A testimony to the power of this approach is the next example described by Hoye etal4 demonstrating impressive impressive regioselectivity.
Moslin5a-d described an elegant approach, in his synthesis of (+)-acutiphycin, which employed a retro-ene reaction of an alkynyl ether to produce the ketene.
The Yamaguchi method6 remains one of the most popular procedures for macrolactonization. According to the reviewers more that 340 papers have been published using this method. This, of course, uses the Yamaguchi reagent; 2,4,6-trichlorobenzoyl chloride in the presence of triethylamine to form the mixed anhydride, the triethylamine hydrochloride is filtered and the solution concentrated. After dilution the mixed anhydride solution is added to a very dilute hot (80°C) solution of 2 – 5 equivalents of DMAP. This method is usually excellent for large ring lactones the efficiency falling off as the ring size diminishes. A disadvantage of the method is the use of high temperatures and DMAP conditions that can lead to isomerization and epimerization. As is usually the case with such methods there have been many variations described and the reader is referred to reference 1 for more information.
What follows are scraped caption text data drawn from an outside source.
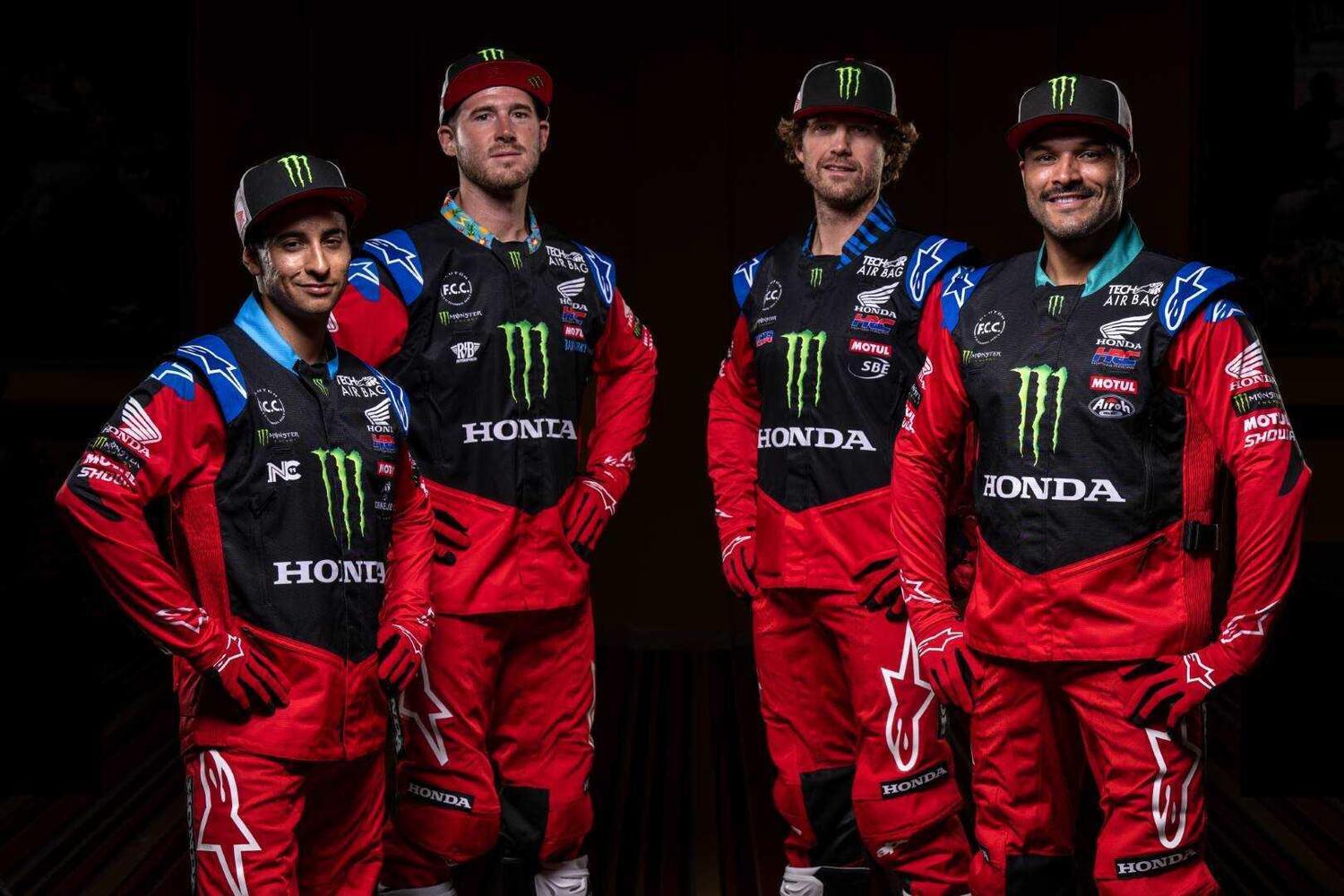 Dakar 2023. Team Honda Monster Energy, il Vero Volto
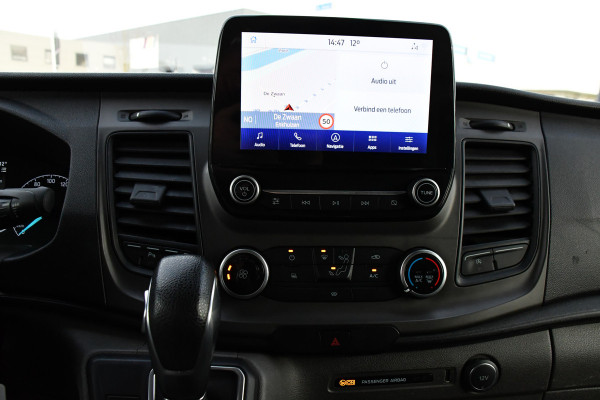 Ford Transit 350 2.0 TDCI L3H2 Raptor Edition Camera, Cruise, Carplay, 170pk, Trekhaak, Multimedia, Sensoren, Uniek!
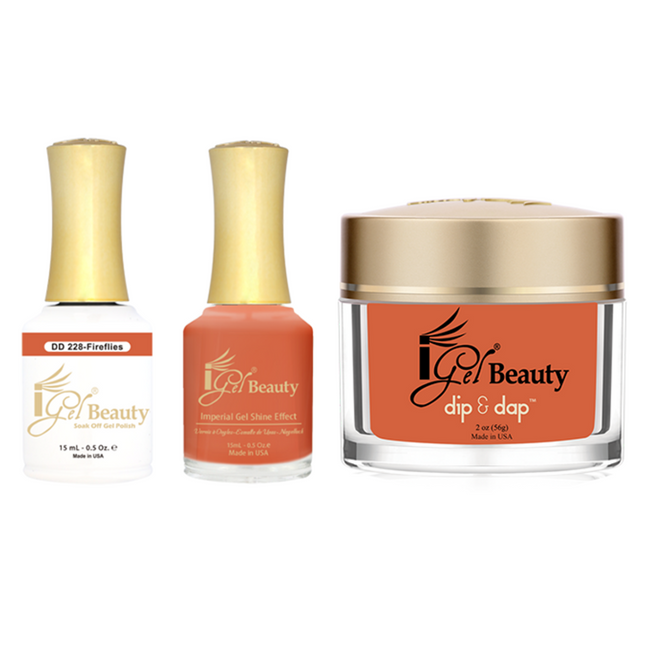 IGel - Gel & Lacquer & Dip Trio (#DD160 - #DD247)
The Mitsunobu reaction7 a-c has also successfully found it’s way into this chemistry and the success is nicely demonstrated by the formation of the strained 9-membered lactone moiety of griseoviridin8.
Normally high dilution is required for these reactions. Recently a method appeared which does not require high dilution. It was described by White and co-workers9 and relies on some catalytic palladium chemistry (if you call 30 mol% catalytic) and proceeds via an intramolecular allylic oxidation. This has been used for the synthesis of lactones of ring sizes between 14 and 19. The example shown here is part of a deoxyerythronolide B synthesis and proceeds in reasonable yield without the high dilution requirement. However, in order to obtain the 56% yield quoted the starting materials must be re-cycled.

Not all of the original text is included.